Here's the breakdown: TKMS would be consolidated under a new holding company, with 49% of TKMS shares being transferred to Thyssenkrupp AG shareholders in proportion to their stake. This move is buoyed by a thriving demand for defense goods worldwide. TKMS boasts an order backlog of around 18 billion euros, ensuring it's busy until the next decade.

However, it's a different story in the steel business. Like ArcelorMittal and Salzgitter, Thyssenkrupp's sticking to the project for climate-friendly steel production, but it's a costly journey. A Thyssenkrupp spokesperson admits the project in Duisburg is "at the limit of economic viability."

Steeling Nerves: ArcelorMittal Abandons German "Green Steel" Plans

In other steel news, ArcelorMittal announced yesterday that it would abandon plans to convert its Bremen and Eisenhüttenstadt plants to steel production without coal. The decision was triggered by the lack of economic viability for a CO2-reduced steel production. ArcelorMittal will forfeit 1.3 billion euros in funding with this withdrawal.

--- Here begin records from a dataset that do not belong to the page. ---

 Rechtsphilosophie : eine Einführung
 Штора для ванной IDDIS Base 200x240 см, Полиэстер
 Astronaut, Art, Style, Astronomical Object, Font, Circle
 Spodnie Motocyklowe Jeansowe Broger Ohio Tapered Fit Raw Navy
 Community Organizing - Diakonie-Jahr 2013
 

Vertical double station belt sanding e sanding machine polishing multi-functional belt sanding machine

German Economy Minister, Katherina Reiche, drew two conclusions from this decision. "We need lower energy prices," said the CDU politician during her visit to Washington. The German steel industry needs to become competitive again. Negotiations with China to stop "cheap steel dumping" are necessary, and we must acknowledge that transitioning to green steel is a long, expensive journey. The laws on hydrogen and its use must be tested in Germany.

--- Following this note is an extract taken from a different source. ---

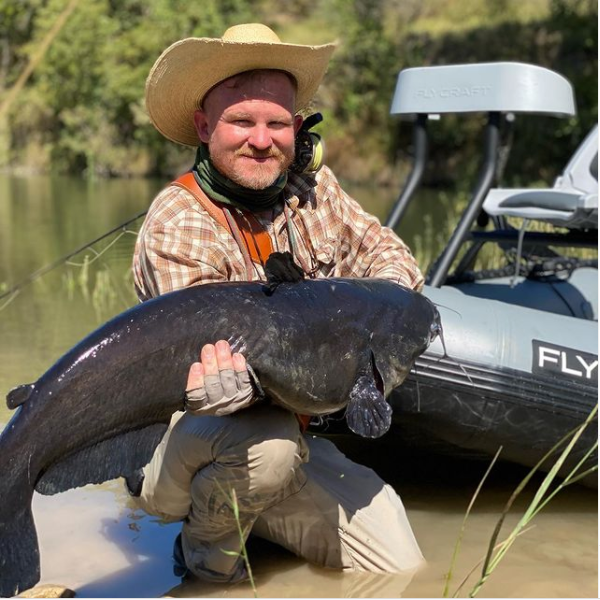 World Record Catfish Caught out of a Flycraft! FLYCRAFT USA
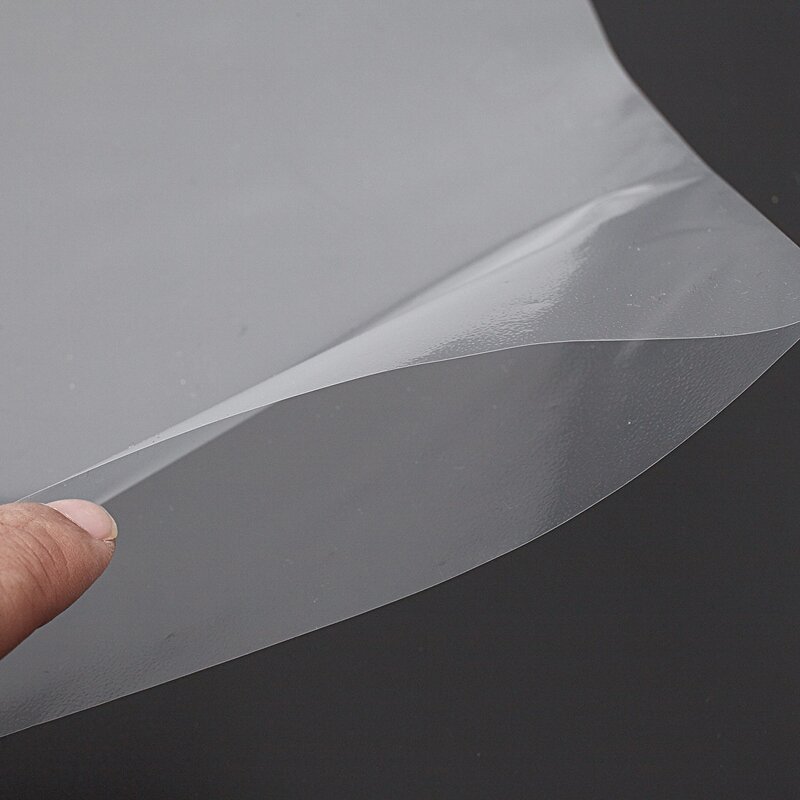 Confezione da 200 tasche perforate trasparenti A5-cartelle in plastica poli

Costly Transition: Thyssenkrupp Steels Ahead with Job Cuts

Thyssenkrupp Steel is already forging ahead with the new facility, eligible for around two billion euros in funding from the federal government and NRW. The climate-friendly steel production plant, slated to replace two blast furnaces by 2030, will initially be operated with natural gas and later with hydrogen.

Salzgitter is investing more than two billion euros, with a billion coming from federal and state funding. By 2033, the company aims to transition completely to green steel. Meanwhile, in Saarland, a direct reduction plant and electric arc furnaces are planned. The conversion is expected to cost around 4.6 billion euros, with the federal government and Saarland footing 2.6 billion euros.

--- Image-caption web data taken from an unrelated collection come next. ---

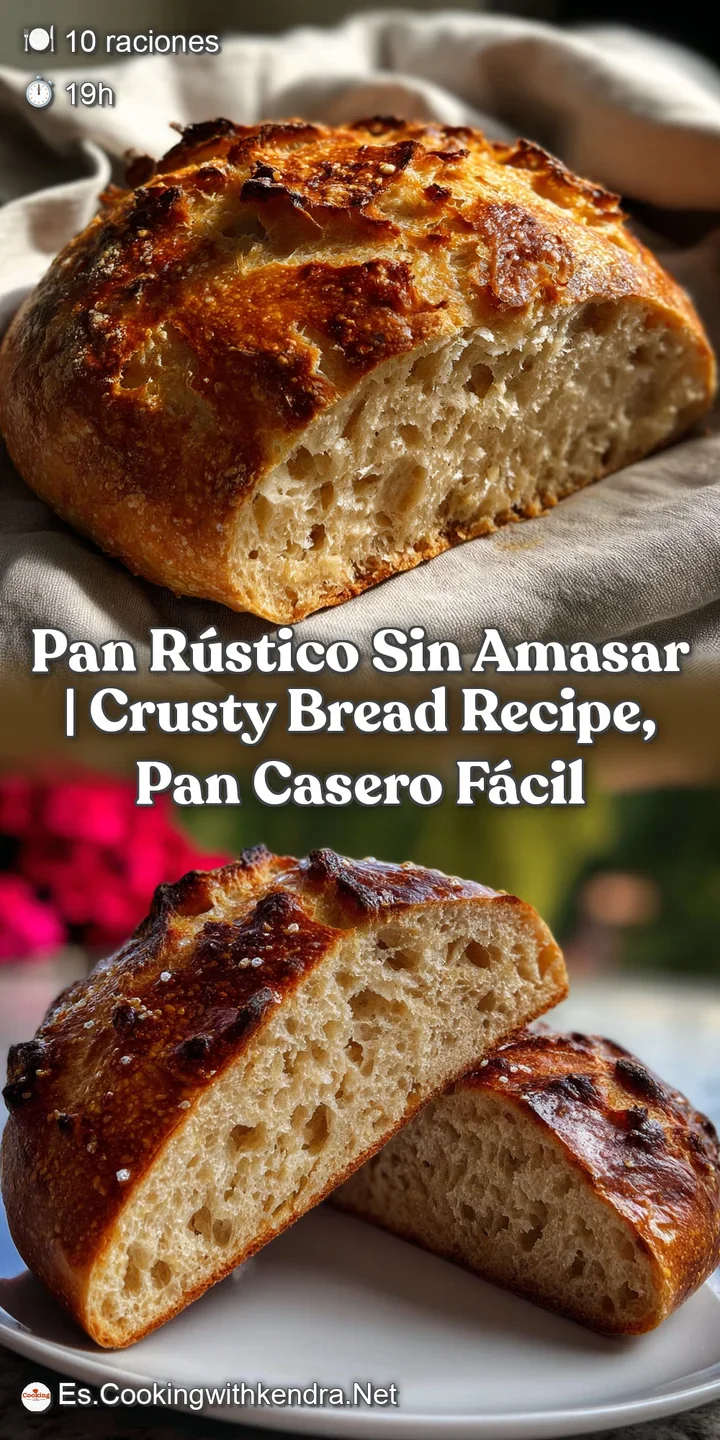 Crusty, golden-brown loaf with a crackling, rustic exterior. The interior shows airy, open crumb. Served on a wooden board.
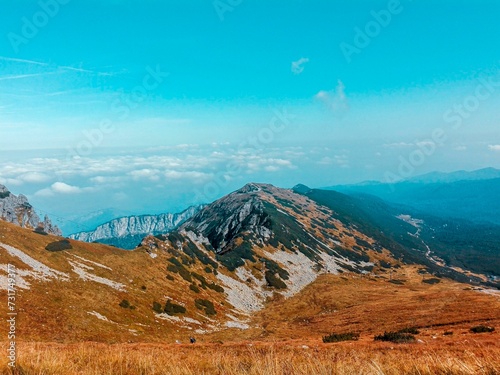 View of the mountains in the distance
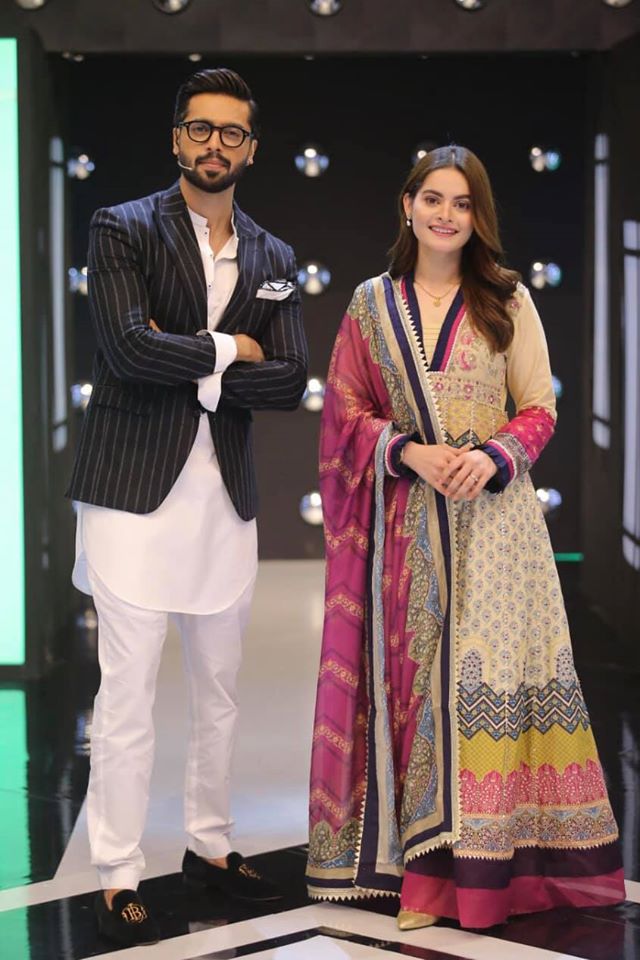 Ahsan Khan and Minal Khan Pictures from Jeeto Pakistan League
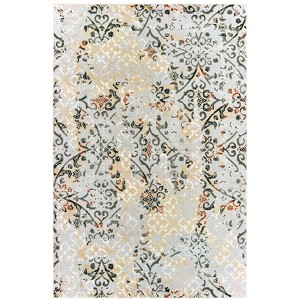 Oriental Weavers Bowen 108W2 Grey/ Gold Indoor Area Rug - 5'3" x 7'6" - 1 of 4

Sources: ntv.de, jwu/rts/dpa

ThyssenKruppSteel industryMDax companyStock exchanges

### Insights:

  • TKMS's IPO is planned for Q4 2025 on the Frankfurt Stock Exchange.
  • Thyssenkrupp is restructuring its conglomerate structure to unlock hidden value within its individual divisions.
  • The steel division aims to create more climate-friendly production systems, but the projects are costly and at the limit of economic viability.
  • The IPO aims to attract ESG-focused investors as Thyssenkrupp transitions to a holding company model.
  • Thyssenkrupp Marine Systems is benefiting from a globally increased demand for defense goods.

Community policy should be revised to address the financial implications of Thyssenkrupp's transition to a holding company model, considering the upcoming IPO of Thyssenkrupp Marine Systems (TKMS). Vocational training programs could be initiated in the steel and marine industries to prepare the workforce for the changing business landscape, especially with the costly transition to climate-friendly production systems.